To solve this problem, you need to replace the self-signed certificate in the firmware with a copy of the real YubiKey's certificate. This process involves several steps:

1. Extracting a certificate from a real YubiKey. Using tools like YKMAN or libfido2, you can connect your real YubiKey and export its PIV slot 9c certificate, which is used for authentication.
2. Certificate conversion. The received certificate must be converted into a format understandable by the pico-fido firmware. To do this, you will need OpenSSL utilities and scripts to generate a byte array that is embedded into the firmware code.
3. Reflashing. After installing the fake certificate, you recompile the firmware (or generate a custom image) and upload it to the Pico.
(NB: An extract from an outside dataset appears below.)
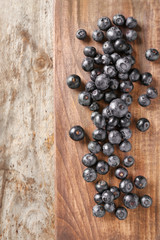 Fresh acai berries on wooden background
After this procedure, the server will consider your emulator a legitimate device from a specific manufacturer during verification. However, there's an important caveat: if the server uses extended verification and requires the private key to match the certificate, simply replacing the document won't work. In this case, a more thorough firmware modification will be required to generate a custom key pair signed by a trusted authority.

Warning: This technique only works on older firmware or devices with disabled integrity checking. Discussing methods for bypassing this protection is beyond the scope of this article and represents a separate, complex task.

4.2. Attacks on CTAP: Interception and Substitution on the Fly​

The most powerful and flexible technique is to write your own CTAP emulator. Instead of using ready-made firmware, you write a program in Python (or any other language) that implements the CTAP protocol over HIDRAW. This allows you to intercept, modify, and replace data on the fly. For this, you can use specialized libraries such as python-fido2, which are designed for communicating with FIDO devices and verifying their signatures. This approach gives you complete control over the process and the ability to emulate the behavior of any token, including spoofing its responses to bypass verification. This is a level of hacking technique that requires in-depth knowledge.

Part 5. Emulation Protection (Blue Team)​

Understanding security mechanisms is essential not only for bypassing them, but also for creating them. To detect emulators or counterfeits, systems use several methods:

• Certificate and traffic analysis. The server checks not only the certificate itself but also the correctness of the token responses. Any anomalies in the structure or response time can be detected by the emulator.
• Interaction data analysis. Examining CTAP traffic for inconsistencies and specific patterns characteristic of emulation can aid in detection.
• Cryptographic strength check. A signature request using non-standard parameters may reveal that the device is not a genuine hardware token with secure storage.
• Protection against downgrade attacks. The system must not allow the use of outdated or less secure authentication methods.

Summary​

Industrial hardware tokens are no longer a novelty. Today, you can pick up a $5-7 microcontroller and easily build your own FIDO2 token, which is in no way inferior to the expensive YubiKey. Use emulators for pentesting and reconnaissance, protect your own and test accounts. This is a powerful tool for researching networks and security systems. Remember that true security isn't blind faith in "impenetrable" hardware technology, but understanding its vulnerabilities.

A quick one-line reminder:
"CTAP = communication protocol, Attestation = token passport. pico-fido is open-source firmware for Pico that turns a microcontroller into FIDO2. PIN — via YKMAN, OTP — via keyboard emulation. Self-signed certificate for your toy; fake YubiKey certificate — for the illusion of legitimacy. Enable Secure Boot to prevent keys from being stolen if the chip is removed."